What this task involves: Only the lines from the one containing "Welcome back to" through the end of the data below are to be repeated, exactly as given, without pictures.

Task input:
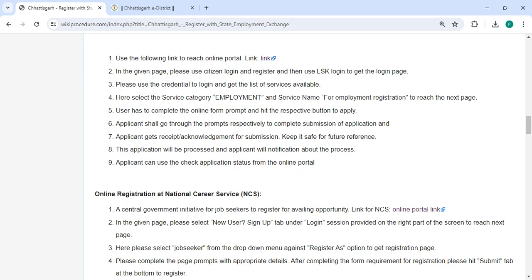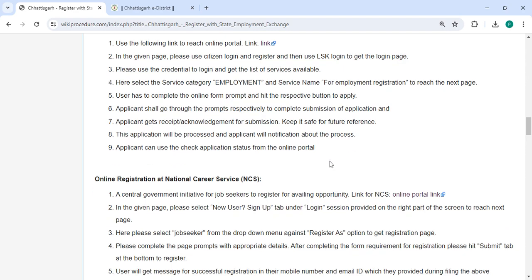You will receive an acknowledgement for the submission — please keep it safe for future reference. The application will be processed and the applicant will receive a notification about the process. You can also use the 'Check Application Status' option from the online portal.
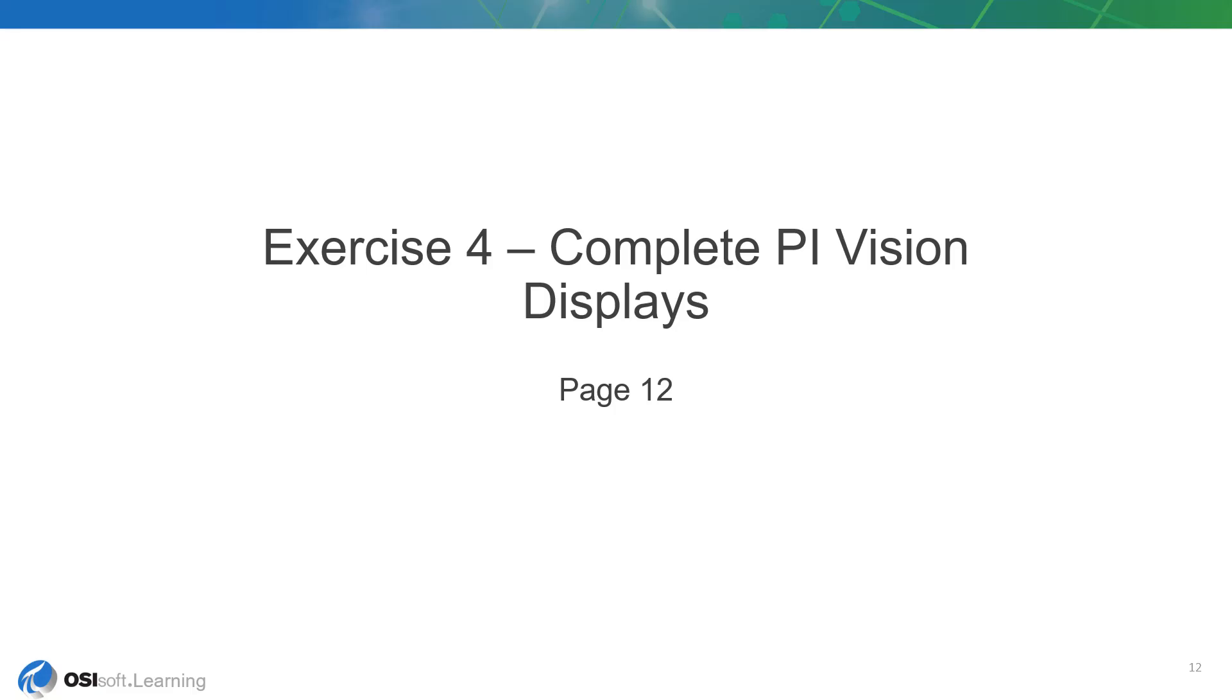The next exercise starts on page 12 of the workbook. After examining our migrated PI Vision displays, we did notice some data missing or incorrect compared to the original PI ProcessBook displays.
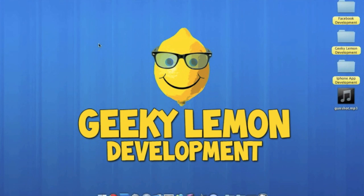Hey guys, this is Aaron from Geeky Lemon Development, and in this tutorial I'm going to be showing you how to auto play an audio clip as soon as your app starts.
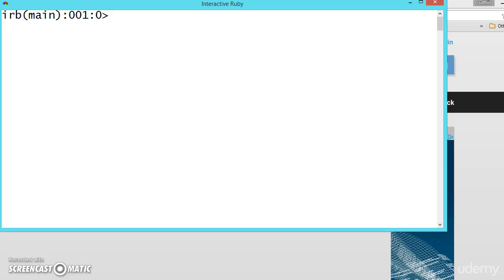Now let us look into commenting in Ruby programming. Commenting is always a good practice in any programming language. You should always include comments whenever you are writing a very big program to describe what your program is.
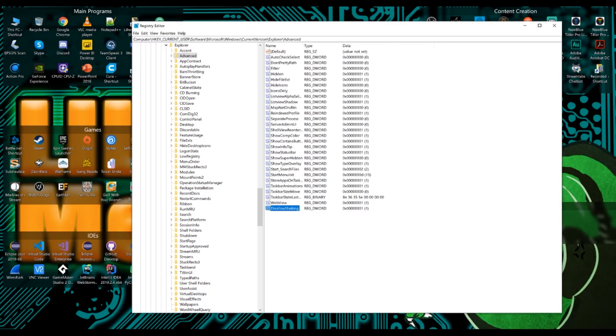And then there you go. Now you should have it turned off in your registry and in your group policy.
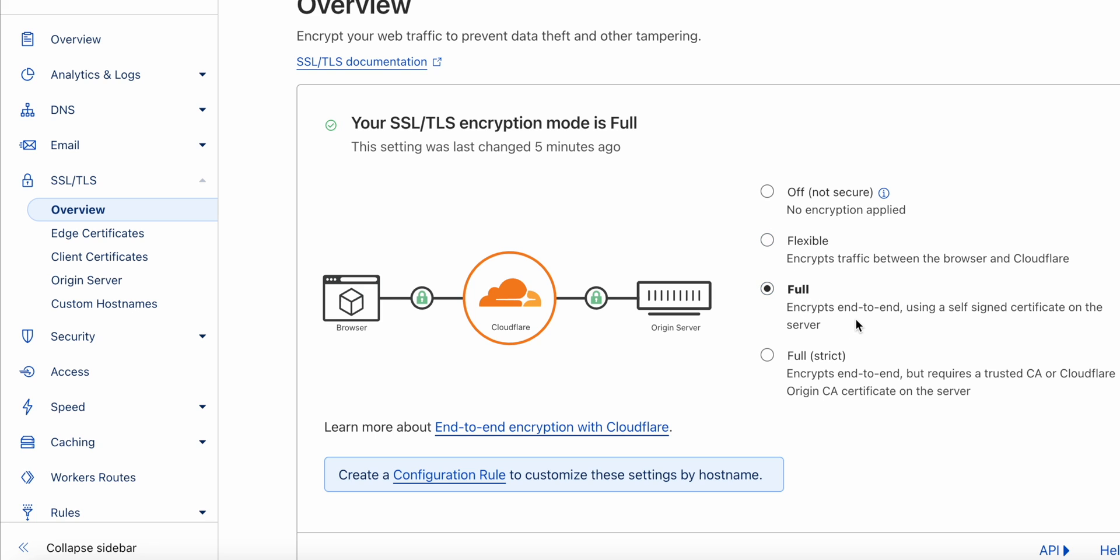After changing the setting to full, my website functioned properly, and when I go to my website and look at the certificate, I see that it is Let's Encrypt.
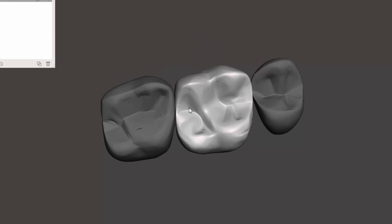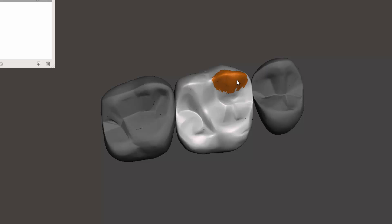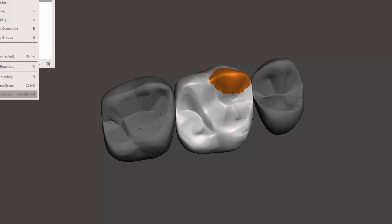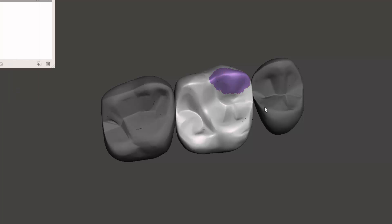What I'm going to do is I'm going to hit S for select, and I'm going to change this brush size to around 50 or so, and I'm going to just essentially highlight the cusp. Then you can go over here to create face group or just hit Control+G, and that's going to create a unique surface.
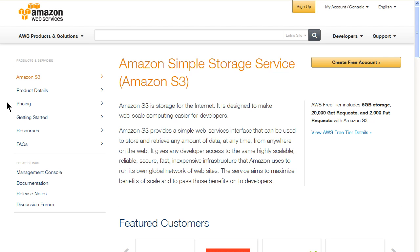Amazon Web Services, or AWS, provides a web services interface that can be used to store and retrieve data at any time from anywhere on the web.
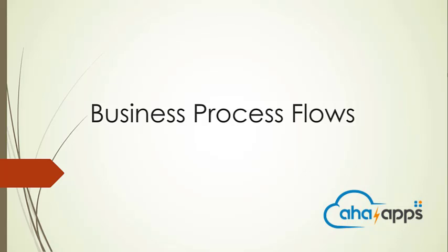Hello everyone, welcome to this course on business process flows. My name is Nikhil Rajendra and I'm going to be the instructor for this course.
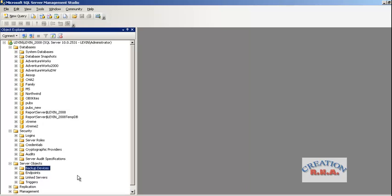Welcome back. This is SQL Server. In this module I am going to show you how to create a backup device and how to backup your database.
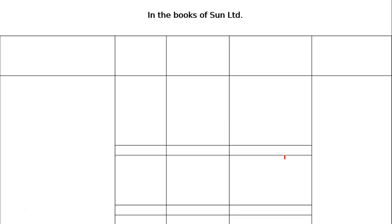Dear students, welcome to the classes of Ray Academy. We are studying Analysis of Financial Statements, and the chapter is on Comparative Statements and Common Size Statements.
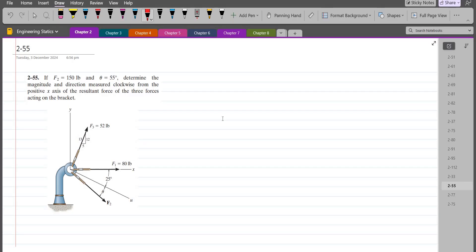Welcome back to the Solutions Manual. In this video, we will solve problem 2-55 from R.C. Hibbeler Engineering Statics.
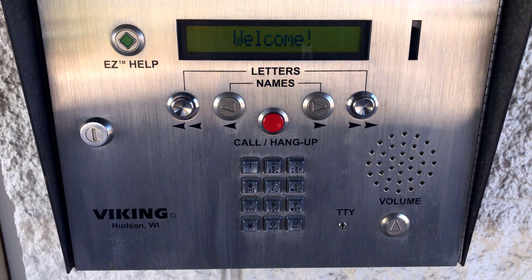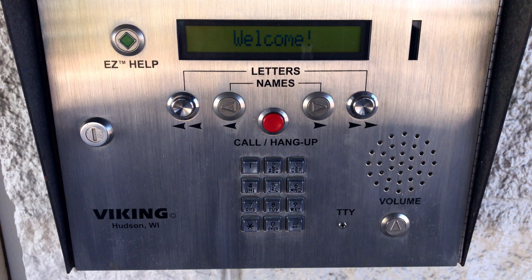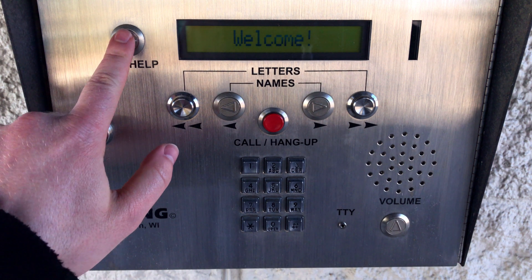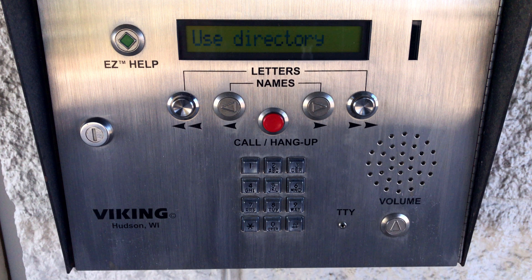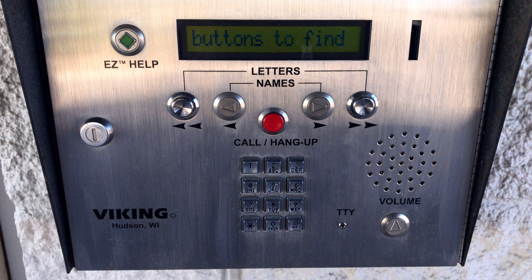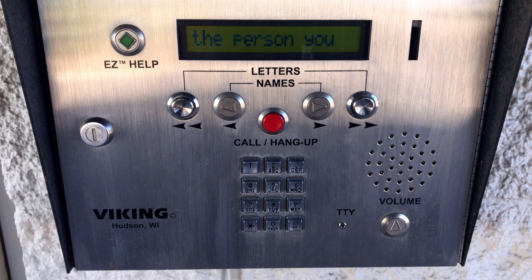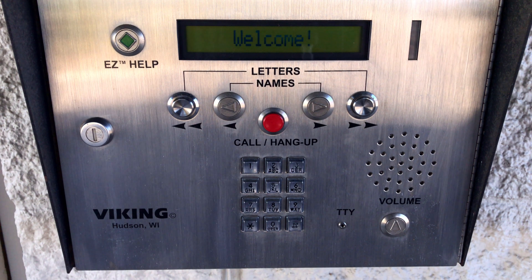The easy help button talks users through the AES-2000S's features. This is the door entry system. Use the directory buttons to find the person you wish to visit, or enter their phone number on the keypad, then press the call button. The volume button adjusts the speaker's volume.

Task result:
Welcome back to the Solutions Manual. In this video, we will solve problem 2-55 from R.C. Hibbeler Engineering Statics.
The easy help button talks users through the AES-2000S's features. This is the door entry system. Use the directory buttons to find the person you wish to visit, or enter their phone number on the keypad, then press the call button. The volume button adjusts the speaker's volume.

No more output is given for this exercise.